Instability of an Evolving Magnetic Field in the Solar Tachocline

The magnetic field observed on the solar photosphere, in the form of active regions, is believed to be generated in the tachocline, a thin region of strong velocity shear (both in radius and latitude) located between the convection and radiative zones. Although the details of how the generation process (the solar dynamo) occurs are still a matter of some debate, it is believed that the means by which the field escapes, eventually to appear at the surface, is through instability due to magnetic buoyancy.

Magnetic buoyancy instability, in both the linear and nonlinear regimes, has been studied for a number of years. However, as their starting point, such studies have almost always considered a static and unidirectional horizontal magnetic field, stratified with depth. In reality, the situation is more complicated: the toroidal field will be formed from the drawing out of the poloidal field by the shear flow (the "omega-effect" of mean field dynamo theory), and so will evolve with time. In this project we shall extend previous stability studies to investigate the instability of a time-evolving basic state, in which a weak vertical field is pulled out into a strong horizontal field, which can then be susceptible to magnetic buoyancy instability.

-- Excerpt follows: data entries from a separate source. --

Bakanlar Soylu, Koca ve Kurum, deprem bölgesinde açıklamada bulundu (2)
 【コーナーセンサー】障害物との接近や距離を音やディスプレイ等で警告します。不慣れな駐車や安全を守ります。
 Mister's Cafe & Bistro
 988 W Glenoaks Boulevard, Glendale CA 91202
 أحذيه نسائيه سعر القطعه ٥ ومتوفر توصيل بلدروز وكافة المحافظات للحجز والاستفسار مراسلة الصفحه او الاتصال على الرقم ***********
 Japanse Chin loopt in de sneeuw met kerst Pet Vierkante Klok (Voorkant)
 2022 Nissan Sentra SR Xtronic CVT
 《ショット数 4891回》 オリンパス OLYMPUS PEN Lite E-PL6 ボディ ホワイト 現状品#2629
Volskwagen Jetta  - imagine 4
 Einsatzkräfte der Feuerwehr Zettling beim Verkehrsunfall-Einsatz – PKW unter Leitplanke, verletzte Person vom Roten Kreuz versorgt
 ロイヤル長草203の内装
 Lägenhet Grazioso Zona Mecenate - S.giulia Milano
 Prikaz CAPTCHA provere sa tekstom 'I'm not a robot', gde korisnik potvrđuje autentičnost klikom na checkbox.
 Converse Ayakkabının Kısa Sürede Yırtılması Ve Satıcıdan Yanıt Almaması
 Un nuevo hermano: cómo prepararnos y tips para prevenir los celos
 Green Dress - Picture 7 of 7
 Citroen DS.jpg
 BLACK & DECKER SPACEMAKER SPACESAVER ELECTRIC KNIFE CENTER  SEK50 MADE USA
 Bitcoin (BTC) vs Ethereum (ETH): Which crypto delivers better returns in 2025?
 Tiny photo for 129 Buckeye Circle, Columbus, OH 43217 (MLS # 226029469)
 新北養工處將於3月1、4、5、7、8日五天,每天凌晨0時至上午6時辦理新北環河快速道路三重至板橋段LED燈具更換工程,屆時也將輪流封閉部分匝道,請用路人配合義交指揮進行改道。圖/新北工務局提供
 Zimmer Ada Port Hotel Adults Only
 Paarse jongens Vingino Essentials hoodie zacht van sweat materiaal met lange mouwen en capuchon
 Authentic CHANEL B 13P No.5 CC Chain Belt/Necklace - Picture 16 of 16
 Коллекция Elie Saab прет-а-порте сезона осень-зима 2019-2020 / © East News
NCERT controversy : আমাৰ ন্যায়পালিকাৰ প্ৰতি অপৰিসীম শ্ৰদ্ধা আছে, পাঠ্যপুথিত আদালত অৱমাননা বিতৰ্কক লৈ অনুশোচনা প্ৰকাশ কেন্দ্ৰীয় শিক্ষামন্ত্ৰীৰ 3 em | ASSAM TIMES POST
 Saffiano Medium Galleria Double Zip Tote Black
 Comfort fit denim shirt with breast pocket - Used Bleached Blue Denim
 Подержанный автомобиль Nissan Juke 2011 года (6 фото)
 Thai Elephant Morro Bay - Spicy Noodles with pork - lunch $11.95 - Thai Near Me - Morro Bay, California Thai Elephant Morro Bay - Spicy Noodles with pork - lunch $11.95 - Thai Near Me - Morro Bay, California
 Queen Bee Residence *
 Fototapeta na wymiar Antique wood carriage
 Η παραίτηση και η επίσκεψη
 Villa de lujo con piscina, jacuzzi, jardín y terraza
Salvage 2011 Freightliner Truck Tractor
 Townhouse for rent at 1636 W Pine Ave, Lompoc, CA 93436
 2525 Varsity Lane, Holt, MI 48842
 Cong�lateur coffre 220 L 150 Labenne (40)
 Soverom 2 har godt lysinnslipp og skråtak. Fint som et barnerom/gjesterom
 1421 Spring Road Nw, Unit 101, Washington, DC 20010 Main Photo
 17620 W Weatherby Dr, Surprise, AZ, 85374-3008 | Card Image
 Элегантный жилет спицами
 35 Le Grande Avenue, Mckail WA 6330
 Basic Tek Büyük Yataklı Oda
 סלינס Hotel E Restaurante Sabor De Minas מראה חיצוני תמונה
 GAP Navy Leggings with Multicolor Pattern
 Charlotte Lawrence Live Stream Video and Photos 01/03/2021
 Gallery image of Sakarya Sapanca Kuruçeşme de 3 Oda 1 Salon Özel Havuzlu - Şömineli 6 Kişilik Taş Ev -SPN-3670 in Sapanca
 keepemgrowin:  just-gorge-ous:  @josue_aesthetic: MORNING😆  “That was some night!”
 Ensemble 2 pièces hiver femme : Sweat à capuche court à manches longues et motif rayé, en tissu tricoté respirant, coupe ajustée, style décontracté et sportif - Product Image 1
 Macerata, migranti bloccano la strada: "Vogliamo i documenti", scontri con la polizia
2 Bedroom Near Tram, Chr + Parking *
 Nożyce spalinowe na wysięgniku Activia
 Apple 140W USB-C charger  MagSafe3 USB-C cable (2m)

Mathematically, the instability of time-evolving basic states has received much less attention than that of static states, in which stability is determined via an eigenvalue problem. When the background state changes with time, there are important and subtle issues over how instability should be determined. We shall therefore start with the simpler problem of thermal convection with a time-dependent boundary temperature, in the process extending previous work on that problem. The knowledge thus gained will be invaluable in tackling the magnetic buoyancy problem.

The chief aim of the project will be to determine the nature of shear flows that can generate unstable magnetic fields, the growth time of any instability, and the spatial from of the unstable modes. This will be of importance in understanding the complex interaction between flows and magnetic fields in the solar tachocline, thereby also shedding light on the solar dynamo mechanism.